Created on 07-28-2015 06:00 AM - edited 09-16-2022 02:36 AM
Hi,
we recently upgraded our cloudera cluster from 4.5.x to 5.4.3. I upgraded the clients as well and followed the maven client documentation of cloudera 5. I just included
the hadoop-client.jar in version 2.6.0-mr1-cdh5.4.3. Everything worked fine except the calls to org.apache.hadoop.fs.FileSystem.get() which fail with an exception
that FileSystem Providers like S3FileSystem, KosmosFileSystem etc are not available. I noticed that these classes were included in the hadoop-client 2.0.0-mr1-cdh4.5.0
(hadoop-common) but not longer in the 5.x.x versions. Some moved to different jars (S3FileSystem to hadoop-aws) other like KosmosFileSystem i could not find
at all. If I mix 4.5.x and 5.4.x jars its starting to get messy (what a suprise :-))
In general i am wondering why i have to provide these classes if i dont use them.
I looked in the hadoop config files (core-site, core-default, hdfs-site) for a property which FileSystems providers to load, but was not able to find one.
So in the end I have 2 questions.
1. Do I really have to provide all FileSystem Provider classes and if so how to find out where for example KosmosFileSystem is located ?
2. How to tell FileSystem class which providers to support?
In general what is the best practice to have a client which uses FileSystem.get() to access the required file system?
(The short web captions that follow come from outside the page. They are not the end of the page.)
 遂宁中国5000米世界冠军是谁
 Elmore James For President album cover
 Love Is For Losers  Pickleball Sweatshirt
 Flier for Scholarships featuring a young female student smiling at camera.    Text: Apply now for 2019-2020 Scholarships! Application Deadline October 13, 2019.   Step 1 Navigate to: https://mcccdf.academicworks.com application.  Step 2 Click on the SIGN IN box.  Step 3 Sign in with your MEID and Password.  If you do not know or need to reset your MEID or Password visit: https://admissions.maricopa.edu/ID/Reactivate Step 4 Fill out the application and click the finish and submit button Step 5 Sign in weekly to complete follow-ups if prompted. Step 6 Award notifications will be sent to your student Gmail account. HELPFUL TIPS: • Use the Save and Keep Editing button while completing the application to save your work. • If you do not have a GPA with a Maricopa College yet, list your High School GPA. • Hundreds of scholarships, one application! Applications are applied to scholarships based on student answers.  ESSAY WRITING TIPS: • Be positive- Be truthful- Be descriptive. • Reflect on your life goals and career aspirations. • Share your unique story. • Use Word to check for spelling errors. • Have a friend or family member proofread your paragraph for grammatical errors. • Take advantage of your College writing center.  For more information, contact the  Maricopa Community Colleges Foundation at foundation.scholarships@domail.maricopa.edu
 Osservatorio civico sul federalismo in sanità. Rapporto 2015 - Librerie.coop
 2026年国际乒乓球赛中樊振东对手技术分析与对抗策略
Im looking forward for any help.
Regards,
Lars
Created 08-03-2015 07:40 AM
Hi,
I figured it out and it was a transitive inhouse dependency which defined these FileSystem impl classes in its META-INF/services/org.apache.hadoop.fs.FileSystem.
So sorry for the topic ;-).
Lars
Created 08-03-2015 06:07 AM
I still could not fix the issue but i digged a bit more in the code.
So ServiceProvider loads all implementations of a given class which would be org.apache.hadoop.fs.FileSystem - to know which FileSystem classes to load it looks
in a file located at META-INF/services/org.apache.hadoop.fs.FileSystem in each referenced jar.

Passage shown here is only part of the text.